Fast-fashion retailer Zara USA Inc. is facing a $40 million lawsuit alleging discriminatory work practices creating a hostile work environment.
The lawsuit was filed on Wednesday by Ian Jack Miller, former general counsel, in a New York state court in Manhattan. Zara is owned by Inditex. In addition to Zara USA, also named as defendants were Dilip Patel and Moises Costas Rodriguez. Patel is the country manager for the U.S. Rodriguez is the former chief executive officer of Zara USA Inc., and is the current director of expansion for North and South America for Zara USA.
The lawsuit, which alleged nine causes of action, based the claims on racial discrimination, in particular anti-Semitism. It is also alleging pay discrimination and retaliation. The alleged charges are claimed to be in violation of New York State and New York City Human Rights laws, as well as retaliation under New York labor law. While all three defendants were named, not all were subject to the same causes of action.

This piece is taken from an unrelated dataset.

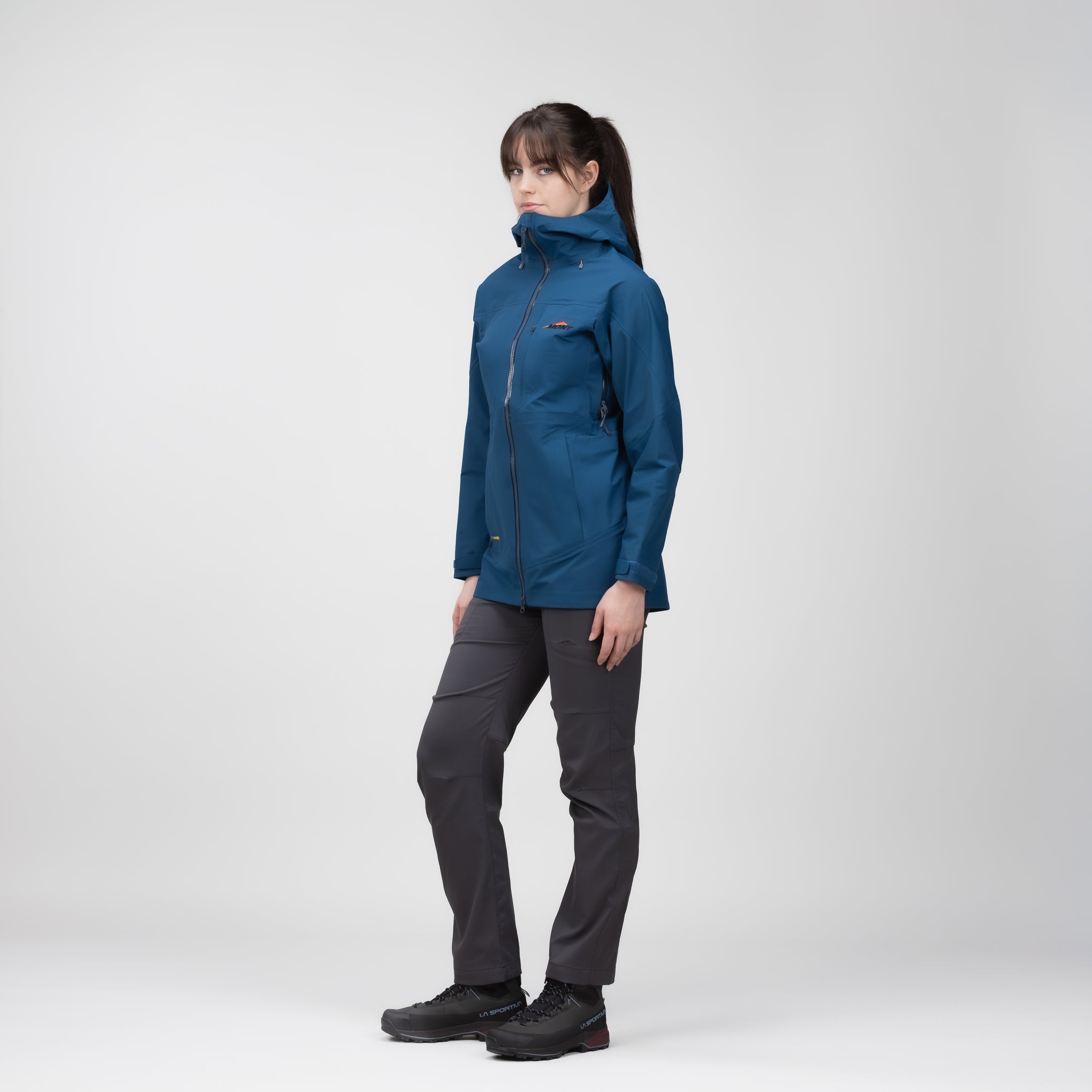 Odyssey Jacket Women’s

A spokesman for Zara USA said, “Zara USA is a diverse and multicultural company that is part of a worldwide organization that has more than 140,000 employees of different nationalities, cultures, languages and beliefs across 88 countries. We have a strong social commitment based on fairness, respect and equality for all. In keeping with our global success, we work hard to create exciting and rewarding work environments for each of our employees.”
The spokesman, who said the company has not yet seen the lawsuit, described the allegations as “shocking” and said the company would respond “strongly and vigorously” to the claims in court. He also emphasized, “We do not tolerate any behavior that is discriminatory or disrespectful, but value each individual’s contributions to our dynamic organization.”
According to court papers, “Zara cultivates a worldly and cosmopolitan image, but the company is notorious for selling products featuring racist and anti-Semitic images and messages, including handbags depicting swastikas, children’s pajamas resembling concentration camp uniforms…and a T-shirt proclaiming that ‘white is the new black.’”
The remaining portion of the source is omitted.